### LISTED ENTRIES
----
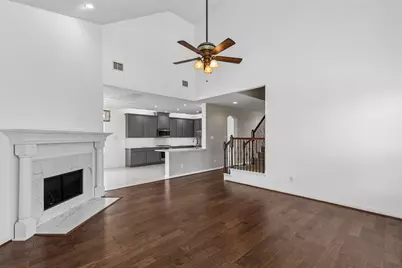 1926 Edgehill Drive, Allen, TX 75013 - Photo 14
----
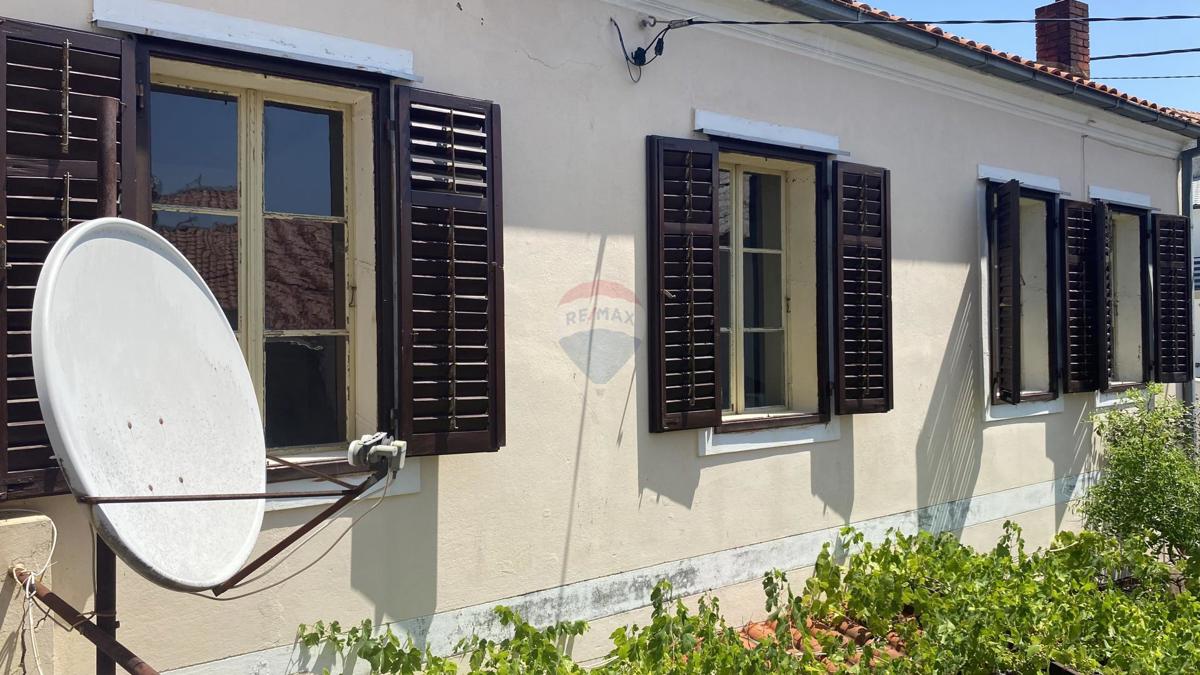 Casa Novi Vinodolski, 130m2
----
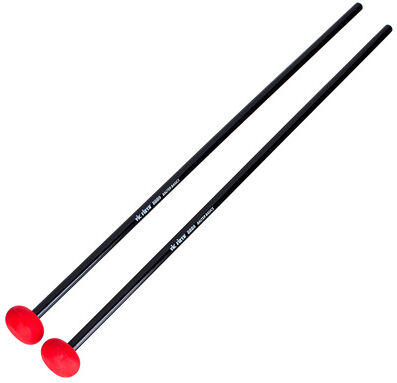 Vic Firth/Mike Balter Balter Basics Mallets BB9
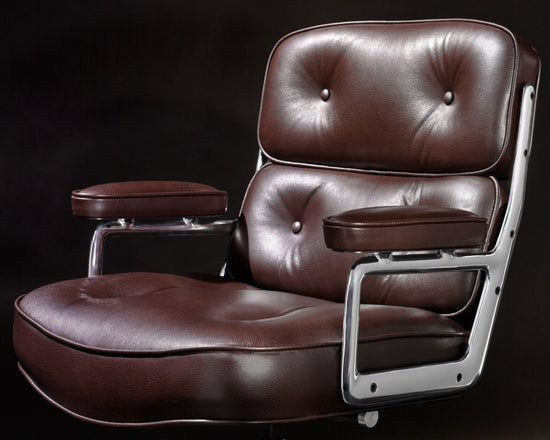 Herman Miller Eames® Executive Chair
----
### ACTION ITEM
Although the records above contain pictures, the copy should not; retype exactly the lines from the one containing "Vic Firth/Mike Balter" through the one containing "Herman Miller Eames® Executive Chair".

### TASK RESPONSE
 Vic Firth/Mike Balter Balter Basics Mallets BB9
 Herman Miller Eames® Executive Chair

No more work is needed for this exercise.